【識者が占う都議選の行方】前田日明氏「小池さんのゴールは総理のイス」

2017年06月23日 17時00分

前田日明氏

 東京都議選(7月2日投開票)が23日告示された。小池百合子都知事(64)が代表を務める地域政党「都民ファーストの会」の参戦で、地味な都議選が一変。自民党東京都連との因縁バトルの行方に注目が集まっている。識者はどう見ているのか。格闘技界のご意見番でリングスCEOの前田日明氏(58)に聞いた。


 小池さんって、これまでの政治家人生を見ても立ち回りがうまいよね。全体の局面を見て、どっちが優勢か不利か、逆転できるかどうかをキャッチする嗅覚が優れている。
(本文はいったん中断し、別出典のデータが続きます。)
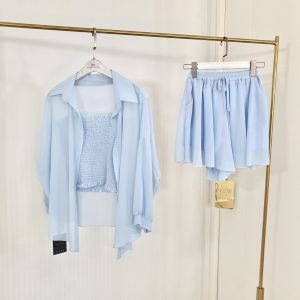 •• N E W I N ••🌺331 งานเซทผ้าชีฟอง 3 ชิ้น ซับในตามสีผ้า ไม่บาง ใส่ไปทะเลหรือคาเฟ่ก็ได้ค่ะ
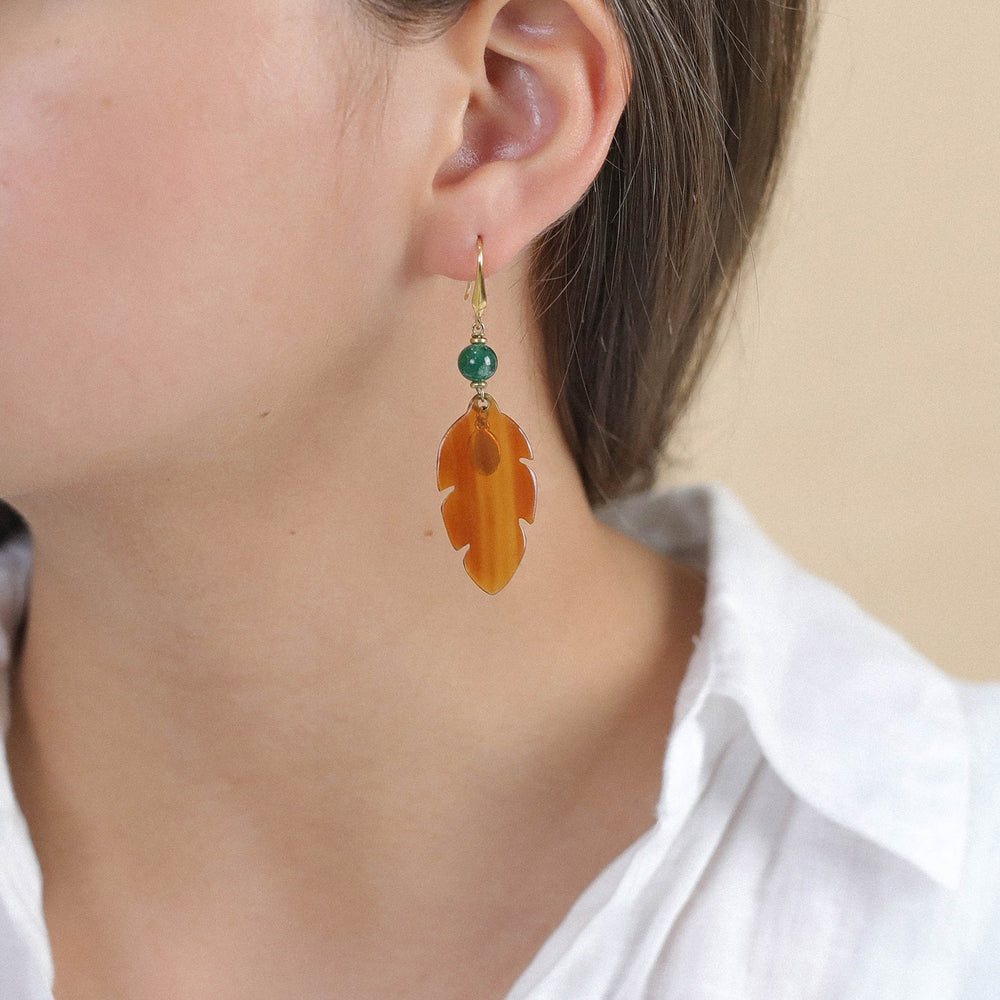 Nature Bijoux Euphoria Yellow Mother Of Pearl Feather Earrings - Style House Fashion Nature Bijoux Nature Bijoux Nature Bijoux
 おそらく、今回の都議選で都民ファーストの会と支持勢力で過半数を握ることになるんだろうけど、小池さんは都知事がゴールじゃないよね。当然、その先に総理のイスを狙っている。

 自民党を離党したのは女だから甘く見られたくないのもあるけど、安倍首相にいつまでも頭を下げているワケにもいかないってことでしょ。東京都は13兆円もの予算を握っていて、韓国やノルウェーと匹敵する。それも軍事費なしだからね。

 小池さんは今回の都議選でガラガラポンして、都政運営を自分のやりたいようにしたいワケで、都が握る巨額のカネや経済利権を米国が見過ごすワケはないよね。小池さんと安倍首相は同じ穴のムジナで、米国に対し「言うことを聞きますから、うまく取り計らいお願いします」と互いに流し目合戦しているんだよ。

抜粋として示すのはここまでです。